The Apple-Samsung case has dragged on for about six years so far, with no end in sight. The first case, involving design patents, has had a trial, gone to the Federal Circuit, up to the Supreme Court, where a unanimous Court sided with Samsung.
The case is now back at the district court, which has to decide which “article of manufacture” on the infringing Samsung phones includes the patented design. Apple is continuing to try to salvage its $400 million damages award by any means necessary, including effectively nullifying the Supreme Court’s decision.
Back in July, the district court asked the parties to address several outstanding issues, including the proper test for determining the “article of manufacture.” Apple recently filed its first brief responding to the court’s order.
Apple had a difficult choice to make in crafting its response: take a more defensible position that salvages as much as possible of that award, or stubbornly argue for the whole award no matter what it takes.

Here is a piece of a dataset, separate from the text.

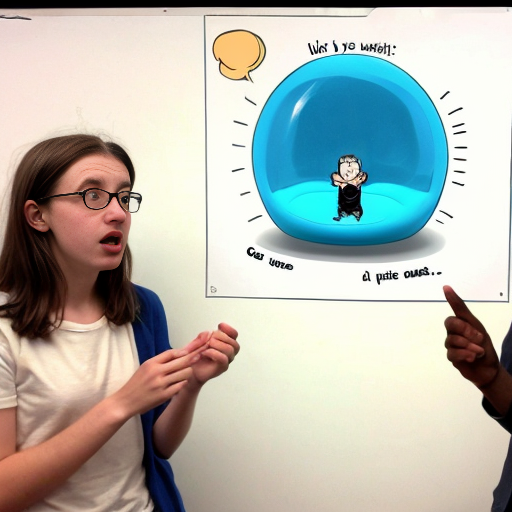 A problem about don´t colaboreate in the English project between two students. A very short dialogue inside bubble speech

Apple is going for broke.
Rather than apply a straightforward objective analysis to identify which component(s) bears the patented design, Apple proposes a totally subjective four-factor test: “the defendant’s reasons for appropriating the patented design;” “how the defendant sells its infringing product and accounts for its profits on those sales;” “the visual contribution of the patented design to the product as a whole;” and “the degree to which the asserted article of manufacture is physically and conceptually distinct from the product as sold.” Apple’s test lacks any basis in the text of Section 289 or the Supreme Court reasoning. Apple is taking the position that the patent owner simply has to show that the final product sold includes the patented design, it would then be up to the defendant to show that some smaller component is the “article of manufacture.”
The test seems to be carefully constructed to avoid the “cup holder” hypothetical, which was first raised by Judge Bryson of the Federal Circuit and later came up in arguments at the Supreme Court. The hypothetical questioned whether a design patent for a cup holder in a car would entitle the patent owner to profits for the entire car. Apple’s factors, however, might still leave the cup holder hypothetical as a difficult and expensive question; if the car manufacturer intentionally appropriated the design and does not account for cup holders separately in its sale of vehicles, a defendant still might be liable for profits made on the entire car sold.

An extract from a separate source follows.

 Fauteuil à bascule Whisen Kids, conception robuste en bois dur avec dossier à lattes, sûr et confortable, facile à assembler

The brief also largely ignores the Supreme Court’s decision, which unanimously held that: “The term ‘article of manufacture,’ as used in § 289, encompasses both a product sold to a consumer and a component of that product.” Instead, Apple continues to argue that the “article of manufacture” is the product for sale. It softens its position slightly by arguing for a default rule that the article of manufacture is the product sold, but this is still inconsistent with the Court’s opinion.
Apple’s attempt to shift the burden to Samsung is also problematic. The Court specifically said that identifying the “article of manufacture” is the “first step of the § 289 damages inquiry.” Because damages have to be proven by the patent owner, one would think that Apple has to have some role in identifying the correct article of manufacture as the first step of proving damages under § 289. Furthermore, infringer’s profits under § 289 are an additional potential remedy that is available for design patents, not the exclusive remedy. It is hardly too much to expect patent owners to prove the correct article of manufacture, using the images of the design patent itself.
It’s understandable that Apple wants that $400 million. But let’s hope that we don’t end up with a mess in design patents as a result.